◆ Extracted information:
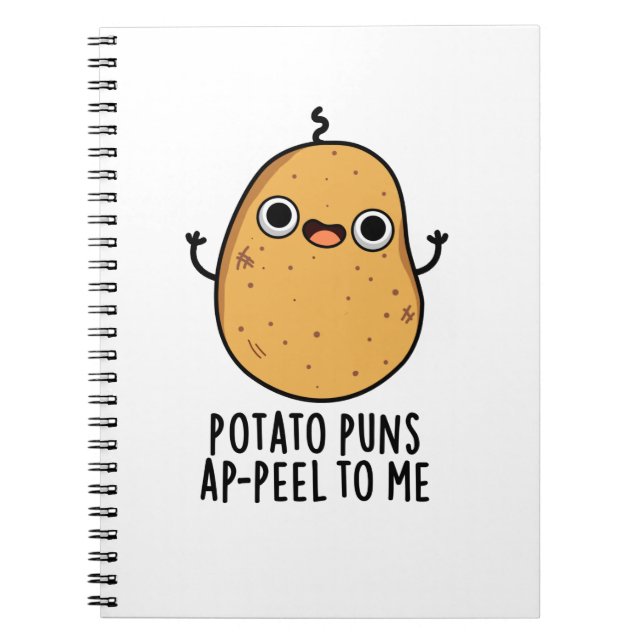 Carnet Jeux de mots sur la pomme de terre A-peel To Me Dr (Devant)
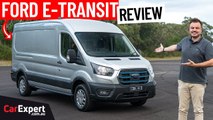 2023 Ford e-Transit (inc. 0-100 & braking) electric van review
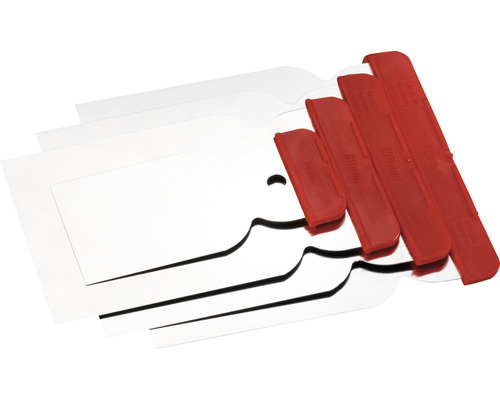 RAUTNER Oppervlaktespatelset 4-delig roestvrij staal 50, 80, 100, 120 mm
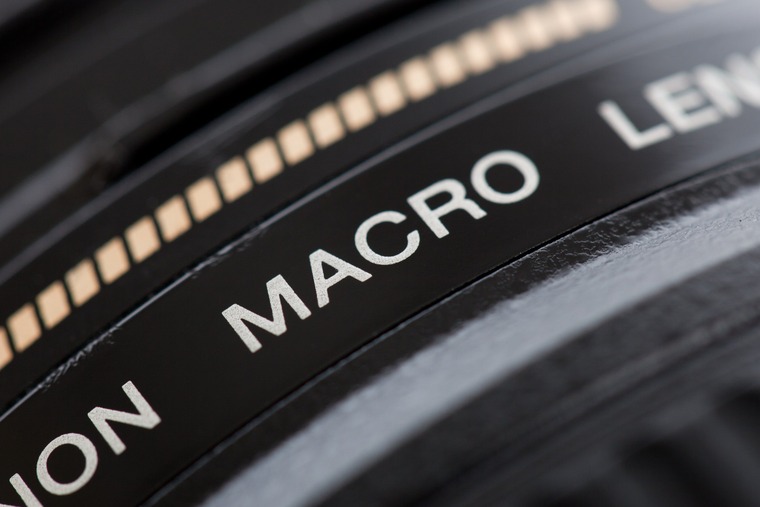 Photographie d'un objectif macro d'un appareil photo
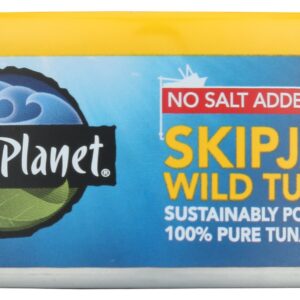 WILD PLANET: Skipjack Wild Tuna No Salt Added, 5 oz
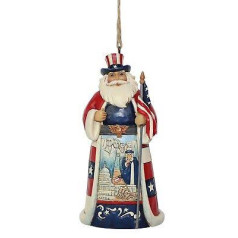 U.S.A Santa Ornament - $39.99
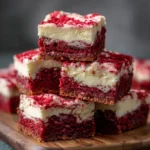 Red Velvet Cookie Bars 7 Red Velvet Cookie Bars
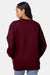 Hanes F260 Mens Ultimate Cotton PrintPro XP Pill Resistant Crewneck Sweatshirt Maroon Model Back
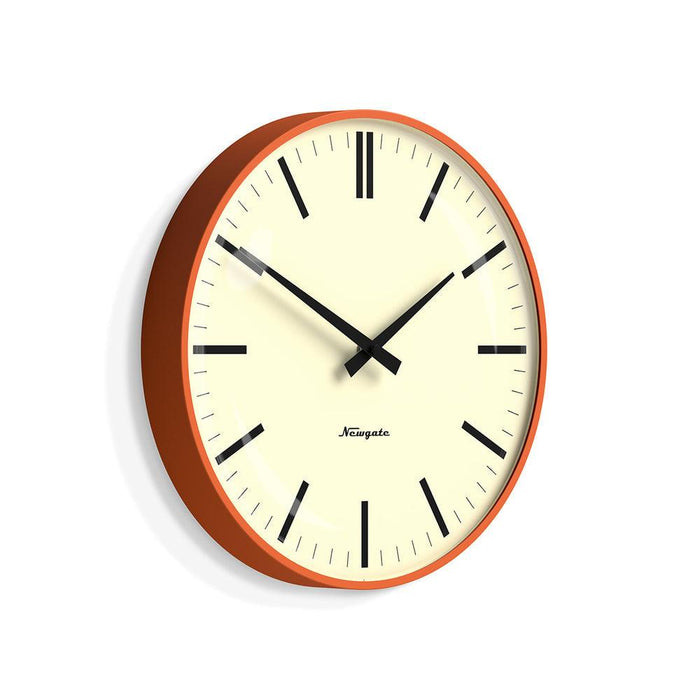 Newgate Radio City Wall Clock - Pumpkin Orange | {{ collection.title }}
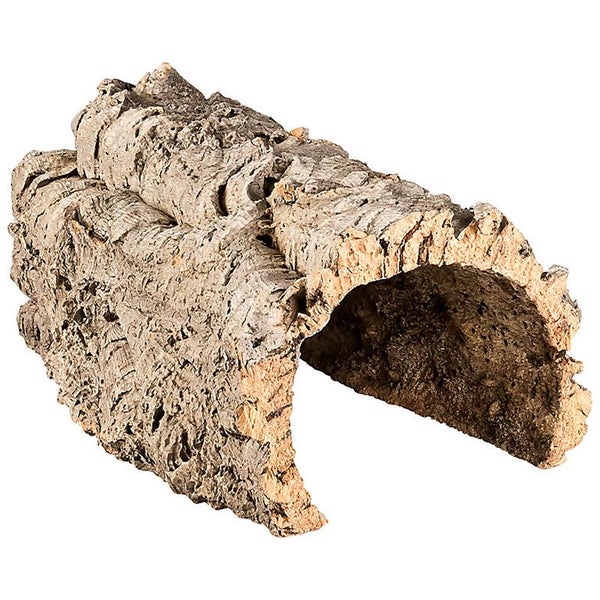 Korkrindentunnel für Terrarien und Kleintiere, Naturkork-Unterschlupf.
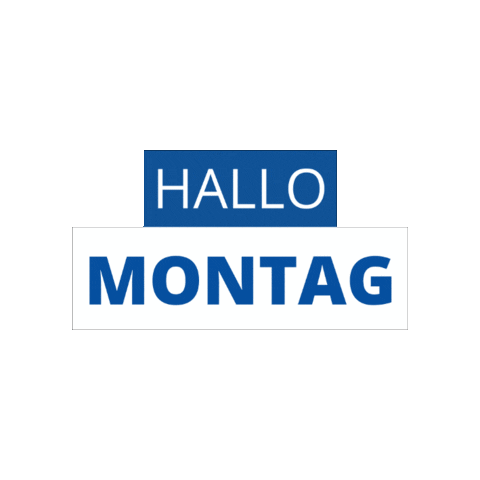 Monday Hello Sticker by moellermanlift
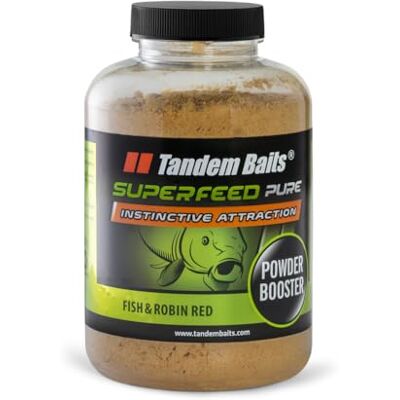 Tandem Baits SuperFeed Pure Powder Booster Poisson et Robin Red Pêche Carpe Matériel Attractant pour Les Bouillettes Granulés Grains Stick Mix Appât 250g - Publicité Tandem Baits SuperFeed Pure Powder Booster Poisson et Robin Red Pêche Carpe Matériel Attractant pour Les Bouillettes Granulés Grains Stick Mix Appât 250g - Publicité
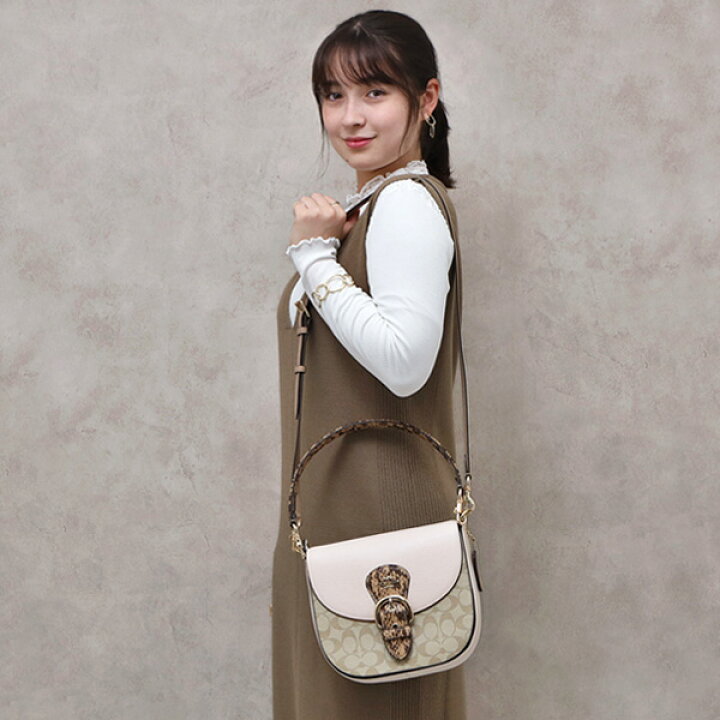 楽天市場】コーチ COACH アウトレット クリオ 23 シグネチャー×レザー 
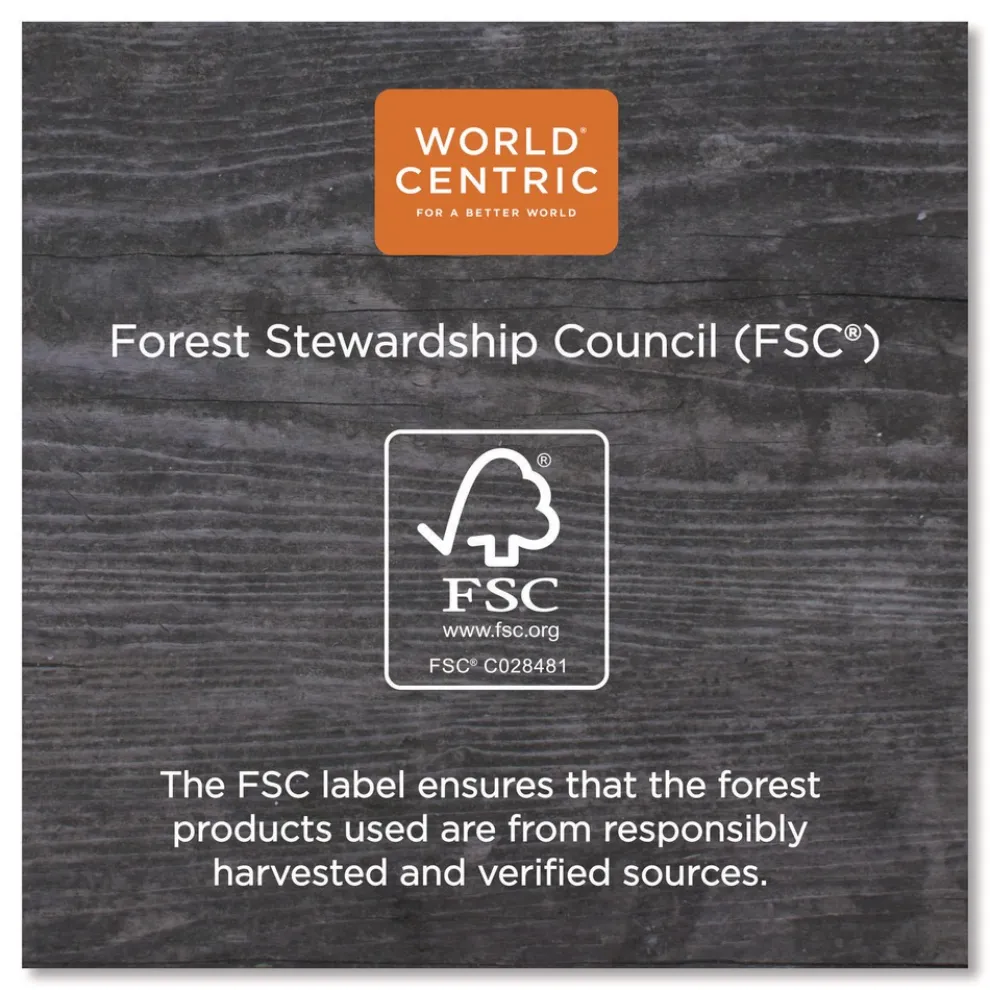 World Centric 7.5 in. x 10 in. x 3.25 in. Leaf Design Paper Fiber Container Sleeves - Natural (800/Carton)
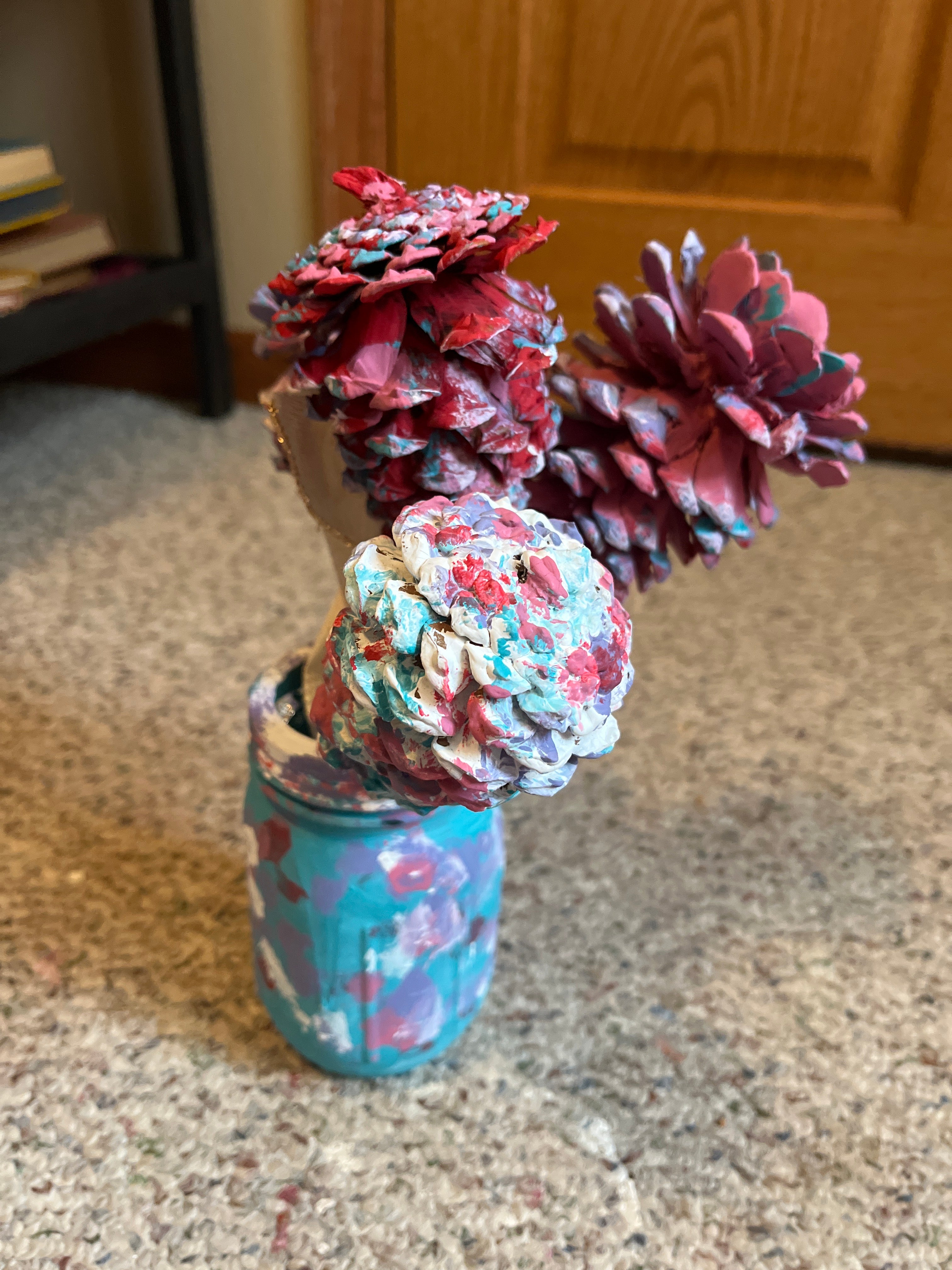 Pinkish cones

◆ What is needed: Excluding the pictures, restate word for word the lines from the one that holds "World Centric 7.5" through the last line of the entries, both ends included.

◆ Completed exercise:
 World Centric 7.5 in. x 10 in. x 3.25 in. Leaf Design Paper Fiber Container Sleeves - Natural (800/Carton)
 Pinkish cones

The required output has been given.